- Problem description
Nothing but the lines from the one holding "Beklenen değer (Expected value) (1/2)" to the final line of the listing below, both included, should be repeated, and each must match exactly. Omit pictures.

- Raw data
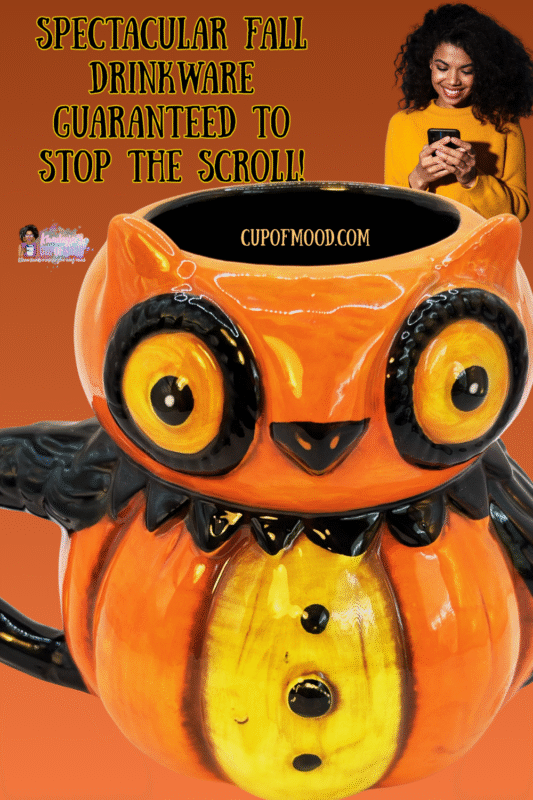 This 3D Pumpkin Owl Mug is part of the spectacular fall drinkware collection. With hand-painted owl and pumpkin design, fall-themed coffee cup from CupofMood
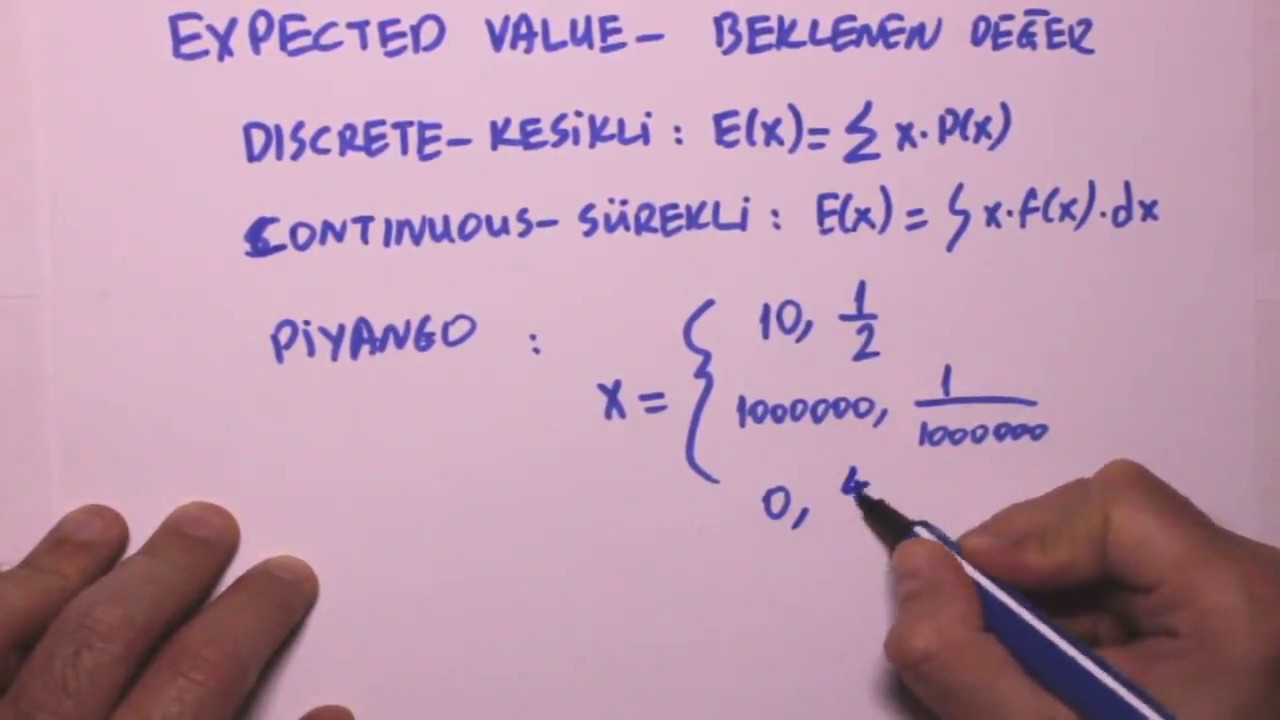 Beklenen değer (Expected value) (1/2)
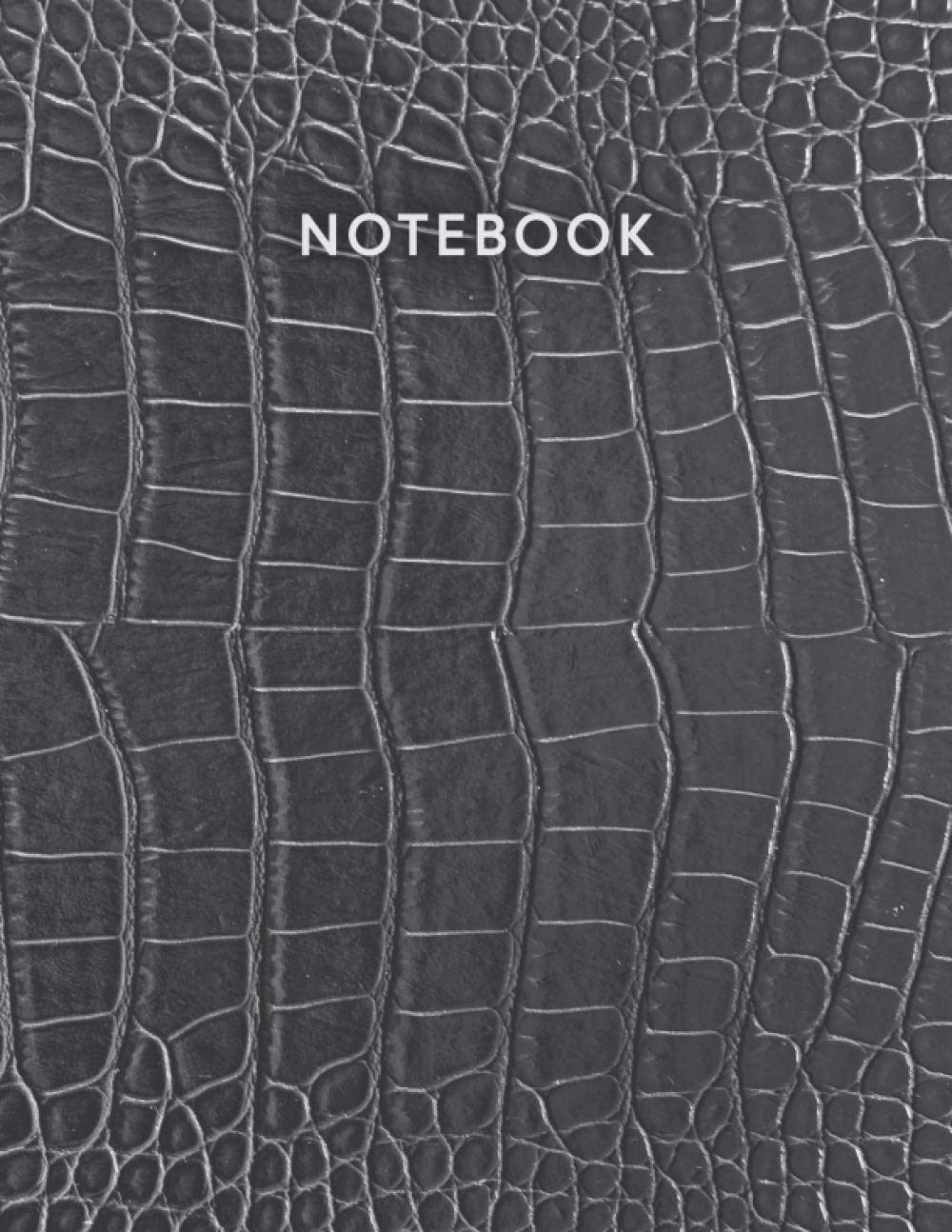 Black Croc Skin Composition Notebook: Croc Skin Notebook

- Result of the task
 Beklenen değer (Expected value) (1/2)
 Black Croc Skin Composition Notebook: Croc Skin Notebook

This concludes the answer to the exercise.